On Sunday, 24 July 2016 at 17:04:43 UTC, Seb wrote:
On Sunday, 24 July 2016 at 15:34:55 UTC, Lodovico Giaretta wrote:
DISCLAIMER: although I've been occasionally using D for a lot of time, I only recently started to follow the forums and use it intensively, so I may miss part of the history / long term vision.

So, the current guidelines to make a function usable in @nogc are:
1) use ranges as much as possible, instead of arrays;
2) don't specify a precise delegate type, but make it templated (so you accept both gc and @nogc delegates); 3) use manual management (e.g. malloc/free) for internal buffers whose lifetime and ownership are easy to track.

Now, there are some cases in which you cannot avoid the managed allocations: 1) throwing exceptions: these should not be abandoned in favor of other solutions; IMHO, they should be easily usable in @nogc code; switching to error codes or user-defined callbacks is not feasible in general; 2) returning arrays: sometimes you just can't avoid this: if your function must return a string, than it has to allocate it (unless it's a slice of some input)

With the new allocators library, we can customize these allocations.
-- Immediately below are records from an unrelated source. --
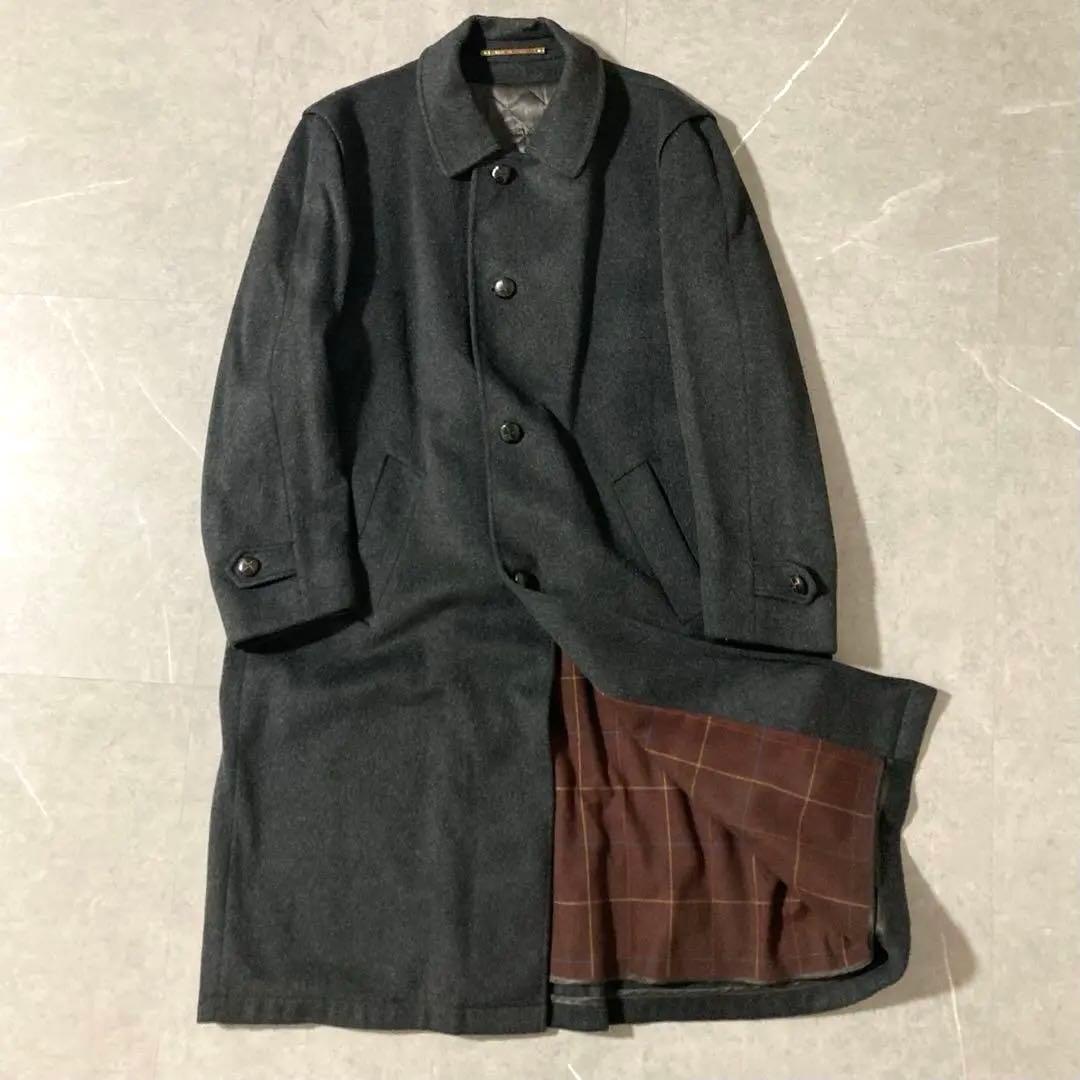 steinbock HIMALAYA ローデンコート グレー チロル製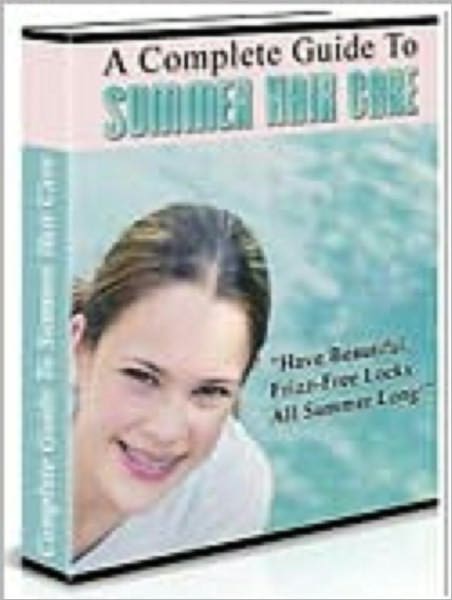 A Complete Guide To Summer Hair Care
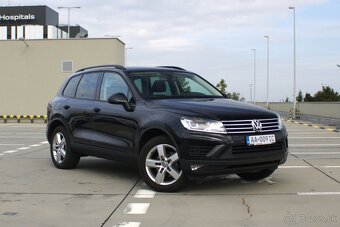Volkswagen Touareg II 3.0 V6 TDI BMT 4MOTION Mountain AT8 - 2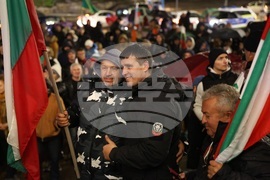 Партия „Величие“- протест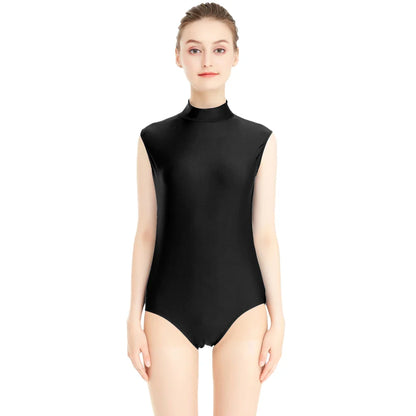 Maillot Queen Nichole (Black)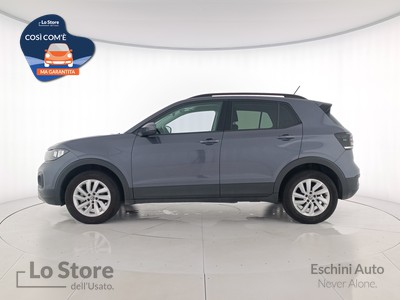 3 - Volkswagen T-Cross eschini auto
There are two possible ways to follow, both with advantages and drawbacks: 1) have all allocating functions take a templated allocator parameter (defaulting to GCAllocator) and use it to allocate returned arrays and thrown exceptions; this allows the compiler to infer @nogc whenever a @nogc allocator is passed, but becomes bloated because you have to carry around another parameter to lots of functions

When I had to deal with this problem, I liked this idea too, but

1) Allocations with GCAllocator (e.g. makeArray) are neither @safe, nothrow nor pure.
2) It creates a huge template bloat

For 1) the best solution is WIP here:

https://github.com/dlang/phobos/pull/3891

2) have all allocating functions use theAllocator instead of raw new to perform allocations. This would make the allocator parameter implicit and the code very easy (just set theAllocator on startup), but would not allow the compiler to infer @nogc; IMHO it's not that bad: you can always use the profiler to check that your code is in fact @nogc, even if not stated explicitly; but many will not agree with this.

Yep it destroys the point of @nogc, besides different data structures / algorithms profit from different, specialized allocators.

So my question is: what's the plan? Which road is to be followed? How will Phobos evolve regarding this?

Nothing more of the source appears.